1703
San Petersburgo
Montaña rusa
El frío del invierno en San Petersburgo es descomunal. Cuando levanta sobre los terrenos pantanosos del delta del Nevá, la humedad se puede agarrar con las manos. Duelen los dientes y la nariz al respirar, arden los ojos y la piel se encarna. Pero el alma rusa es sufrida y padece rigores más duros que el clima. Pedro no lleva la cuenta de cuántos siervos se le mueren mientras construye su ciudad real, su «ventana a Europa». Está resuelto a occidentalizar Rusia. Le aburre escuchar a los afeminados diplomáticos franceses cuando se refieren a él como «príncipe oriental» o se sorprende al escucharlos murmurar «tártaro». Infames. La ciudad está quedando magnífica, monumental, como las estepas de su patria.
En la nueva capital no solo se construyen los palacios del zar, también se establecen los grandes señores que se arriman al poder imperial, funcionarios, embajadores, generales y toda una cohorte de servidumbre para alimentarlos y limpiarlos.
En invierno todo se congela, incluso el espíritu, y la melancolía avanza junto a la bruma que se levanta de las marismas. Hay que alegrar a las almas en pena hasta la próxima primavera.

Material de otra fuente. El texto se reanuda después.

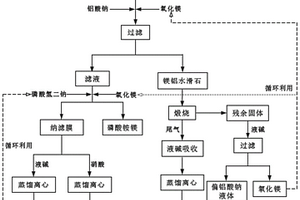 硝酸型高氯含氨氮废水的处理方法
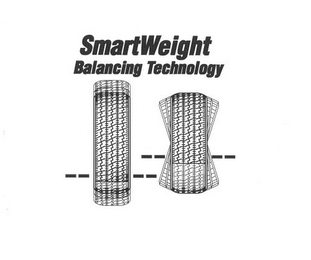 SMART WEIGHT BALANCING TECHNOLOGY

Pedro manda construir un tobogán de madera, ancho, largo y empinado, a lo Grande, como él. Las nieves se acumulan y se solidifican sobre el tobogán que sirve de plataforma para deslizarse sobre un trineo, veinticinco metros hacia abajo, por una pendiente pronunciada. Con la cara irritada por el frío y los pulmones sin aire de tanto grito y carcajada, los Romanov y su séquito vuelven a vivir.